• Task goal: Look through the entries below for the line with "62, Cocksfield, Bathurst Manor, Toronto" and the line with "Appartement à Dobrota, Monténégro, 114", then give again exactly those two lines and all lines between them, minus the pictures.

• Supplied entries:
========================================================================
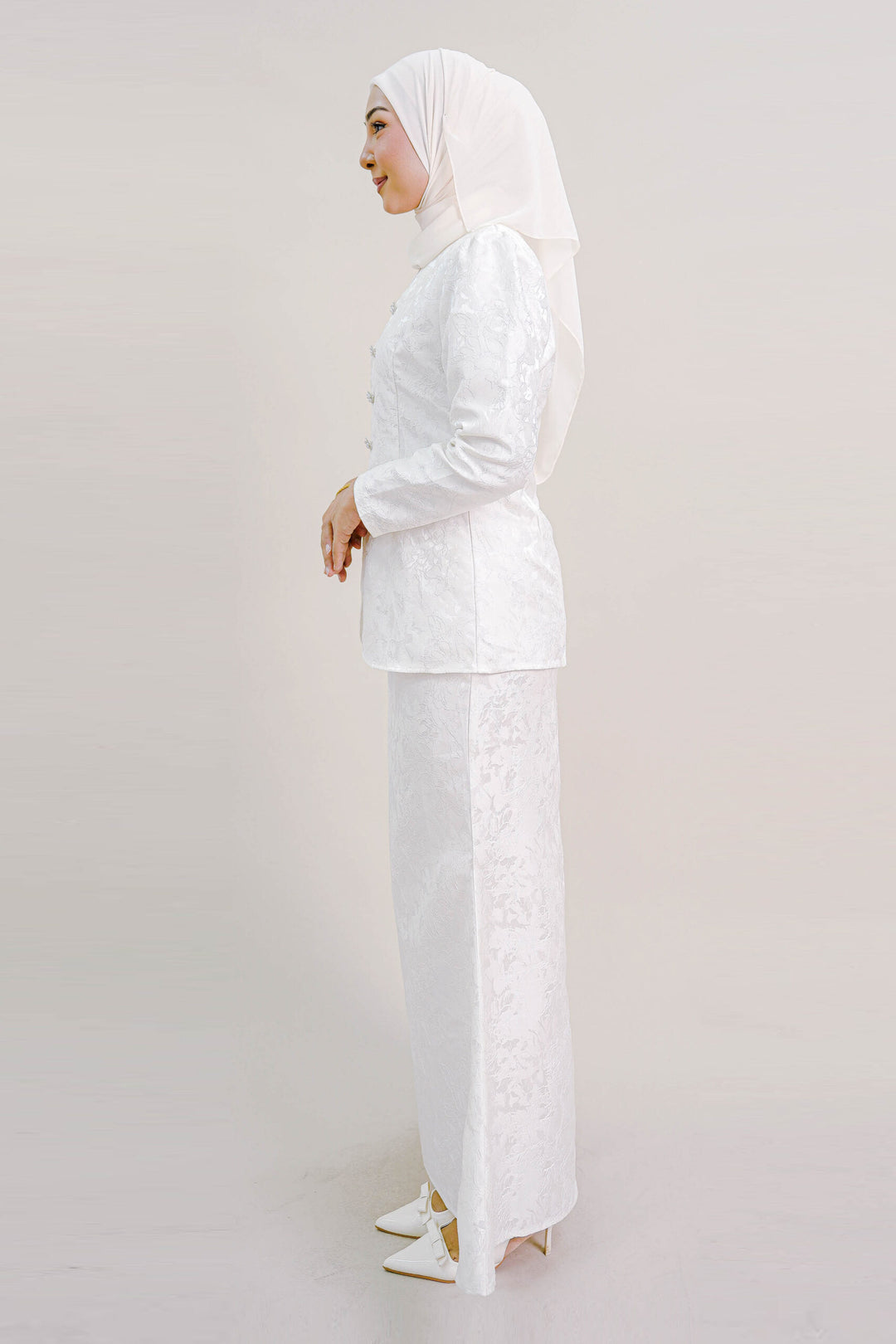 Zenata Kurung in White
========================================================================
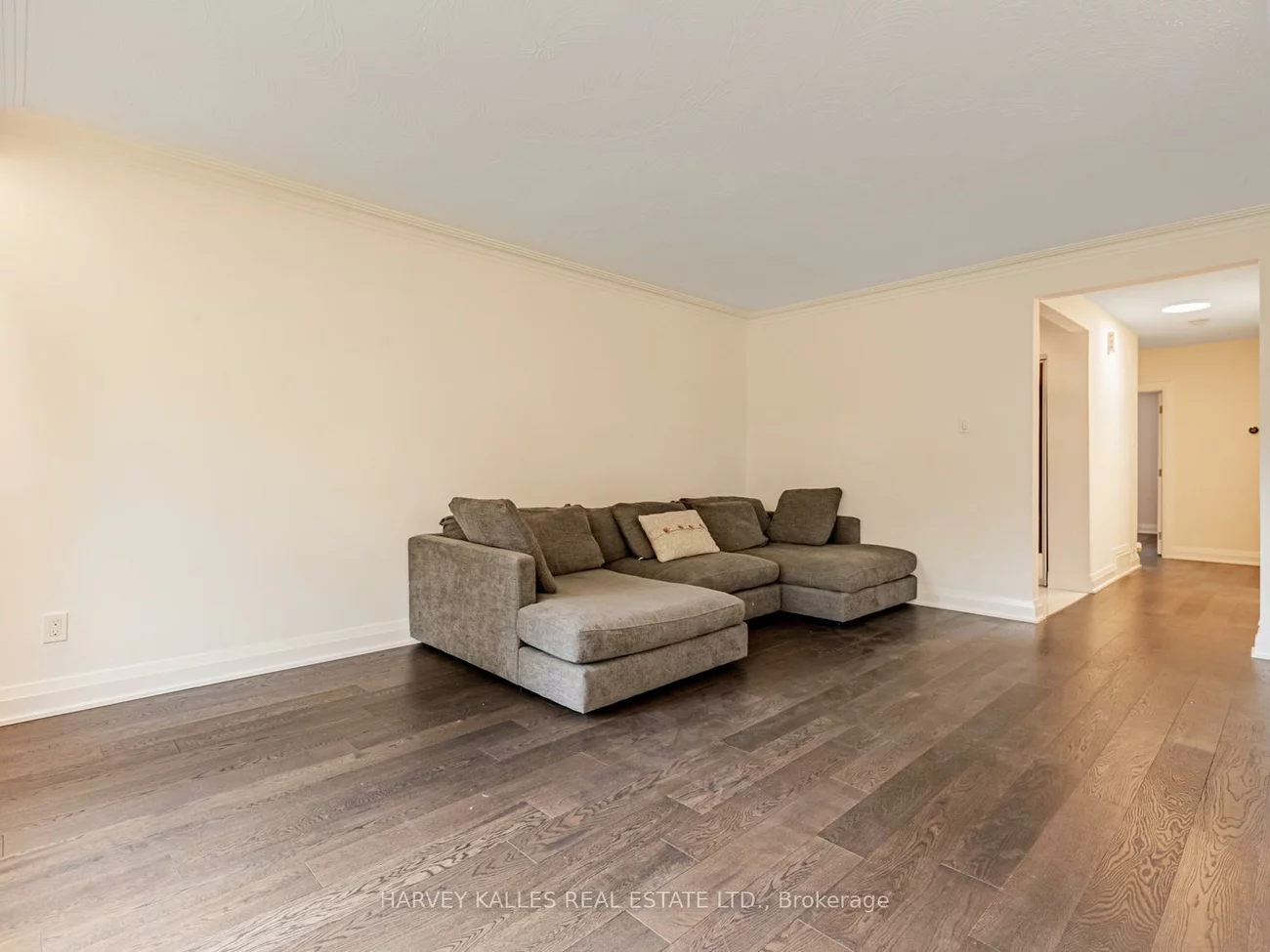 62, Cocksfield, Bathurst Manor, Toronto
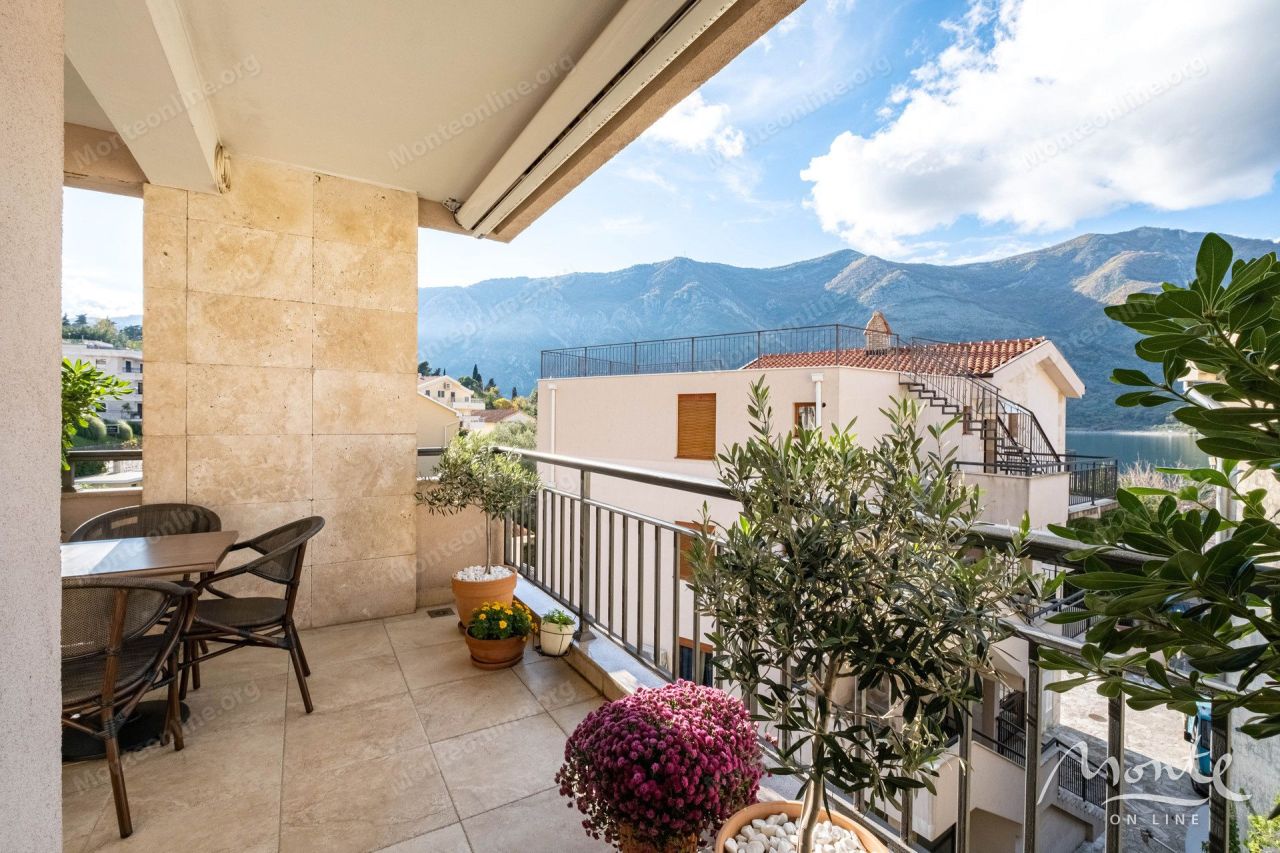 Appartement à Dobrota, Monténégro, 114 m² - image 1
========================================================================
• Result of this task:
 62, Cocksfield, Bathurst Manor, Toronto
 Appartement à Dobrota, Monténégro, 114 m² - image 1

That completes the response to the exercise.